Bron: https://www.bertha-dudde.org/nl/proclamation/7947

7947 Een leven in liefde beschermt tegen dwaling

22 juli 1961: Boek 83

Steeds weer moet Ik er de nadruk op leggen dat alleen de waarheid u gelukkig kan stemmen. Hoe vaak al is u dwaling bijgebracht en ziet u deze niet als zodanig in. Ik spreek hier alleen van geestelijke leringen die geen aards weten betreffen maar in geestelijke gebieden oprijzen, die u mensen nooit zult kunnen bewijzen, die alleen geloofd kunnen worden. Deze leringen moeten echter overeenstemmen met de waarheid, willen ze een zegenrijke uitwerking hebben. U zult geheel zonder weten kunnen zijn en er ook geen moeite voor doen iets te weten te komen, maar dan gaat u geheel doelloos over de aarde als mens, want u zult dan nooit het doel bereiken: uw voltooiing. Maar wordt u onjuist weten gebracht dan kan uw aards bestaan eveneens doelloos zijn geleefd, want onjuist weten is duisternis van de geest. Maar u zult in het licht moeten wandelen. Dan pas vervult u het doel van uw aards bestaan: uw ziel wordt geheel rijp, want u zult dan bewust leven en een levenswandel leiden naar mijn wil. Dus is het brengen van de waarheid en het aannemen ervan de eerste voorwaarde om uw doel te bereiken.

Maar u hebt een vrije wil en deze alleen bepaalt uw instelling tegenover de waarheid. Deze alleen bepaalt of u naar de waarheid verlangt en de dwaling zult willen afwijzen.
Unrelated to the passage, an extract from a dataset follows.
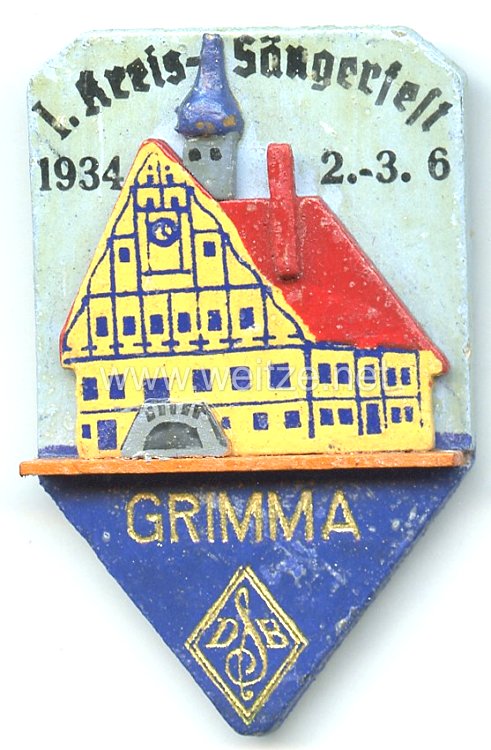 III. Reich - Deutscher Sängerbund ( DSB ) - 1. Kreis-Sängerfest 2.-3.6.1934 Grimma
En dan wordt u ook met zekerheid de waarheid aangeboden. En in haar licht zult u op aarde nu alle wegen bewandelen en uw doel bereiken. Deze wil is echter maar zwak aanwezig onder de mensen. Ze nemen meestal onverschillig alles aan en vanwege hun onverschilligheid blijft de dwaling veel meer bij hen vastzitten. Ze zien haar niet in als zodanig en hun aards bestaan kan dan nutteloos zijn geweest wanneer ze niet door een leven in liefde verlichting van de geest ondervinden en dan gered zijn van de ondergang. En het is doorslaggevend voor de mens dat hij besluit tot een leven in liefde, omdat hij dan ook in staat is de waarheid van de dwaling te onderscheiden.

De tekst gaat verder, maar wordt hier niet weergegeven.